Give back every line of the data, transcribed exactly.

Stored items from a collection
────

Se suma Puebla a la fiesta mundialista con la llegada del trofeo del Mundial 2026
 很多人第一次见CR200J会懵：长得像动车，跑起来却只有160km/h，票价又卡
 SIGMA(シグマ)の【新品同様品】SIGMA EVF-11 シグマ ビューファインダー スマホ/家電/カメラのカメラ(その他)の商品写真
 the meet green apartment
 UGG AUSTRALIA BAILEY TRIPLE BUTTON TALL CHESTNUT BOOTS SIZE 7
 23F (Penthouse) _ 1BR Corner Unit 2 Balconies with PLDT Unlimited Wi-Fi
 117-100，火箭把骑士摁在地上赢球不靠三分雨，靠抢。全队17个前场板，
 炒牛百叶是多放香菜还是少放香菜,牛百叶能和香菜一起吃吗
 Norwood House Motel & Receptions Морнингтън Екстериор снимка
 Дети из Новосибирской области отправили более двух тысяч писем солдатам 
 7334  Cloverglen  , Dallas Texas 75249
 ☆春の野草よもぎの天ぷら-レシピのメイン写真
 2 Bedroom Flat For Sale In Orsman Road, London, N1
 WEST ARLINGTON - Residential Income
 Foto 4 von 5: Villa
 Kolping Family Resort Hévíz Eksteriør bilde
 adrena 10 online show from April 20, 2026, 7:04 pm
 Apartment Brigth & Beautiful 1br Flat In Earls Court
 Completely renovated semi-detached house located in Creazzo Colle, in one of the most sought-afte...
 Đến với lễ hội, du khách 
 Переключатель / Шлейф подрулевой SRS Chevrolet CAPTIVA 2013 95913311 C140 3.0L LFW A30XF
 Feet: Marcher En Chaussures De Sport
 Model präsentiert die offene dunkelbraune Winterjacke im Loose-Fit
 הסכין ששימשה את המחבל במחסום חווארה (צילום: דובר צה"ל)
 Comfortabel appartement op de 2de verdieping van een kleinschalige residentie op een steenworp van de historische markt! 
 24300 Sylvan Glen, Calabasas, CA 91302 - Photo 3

────

#### Response to the task
Se suma Puebla a la fiesta mundialista con la llegada del trofeo del Mundial 2026
 很多人第一次见CR200J会懵：长得像动车，跑起来却只有160km/h，票价又卡
 SIGMA(シグマ)の【新品同様品】SIGMA EVF-11 シグマ ビューファインダー スマホ/家電/カメラのカメラ(その他)の商品写真
 the meet green apartment
 UGG AUSTRALIA BAILEY TRIPLE BUTTON TALL CHESTNUT BOOTS SIZE 7
 23F (Penthouse) _ 1BR Corner Unit 2 Balconies with PLDT Unlimited Wi-Fi
 117-100，火箭把骑士摁在地上赢球不靠三分雨，靠抢。全队17个前场板，
 炒牛百叶是多放香菜还是少放香菜,牛百叶能和香菜一起吃吗
 Norwood House Motel & Receptions Морнингтън Екстериор снимка
 Дети из Новосибирской области отправили более двух тысяч писем солдатам 
 7334  Cloverglen  , Dallas Texas 75249
 ☆春の野草よもぎの天ぷら-レシピのメイン写真
 2 Bedroom Flat For Sale In Orsman Road, London, N1
 WEST ARLINGTON - Residential Income
 Foto 4 von 5: Villa
 Kolping Family Resort Hévíz Eksteriør bilde
 adrena 10 online show from April 20, 2026, 7:04 pm
 Apartment Brigth & Beautiful 1br Flat In Earls Court
 Completely renovated semi-detached house located in Creazzo Colle, in one of the most sought-afte...
 Đến với lễ hội, du khách 
 Переключатель / Шлейф подрулевой SRS Chevrolet CAPTIVA 2013 95913311 C140 3.0L LFW A30XF
 Feet: Marcher En Chaussures De Sport
 Model präsentiert die offene dunkelbraune Winterjacke im Loose-Fit
 הסכין ששימשה את המחבל במחסום חווארה (צילום: דובר צה"ל)
 Comfortabel appartement op de 2de verdieping van een kleinschalige residentie op een steenworp van de historische markt! 
 24300 Sylvan Glen, Calabasas, CA 91302 - Photo 3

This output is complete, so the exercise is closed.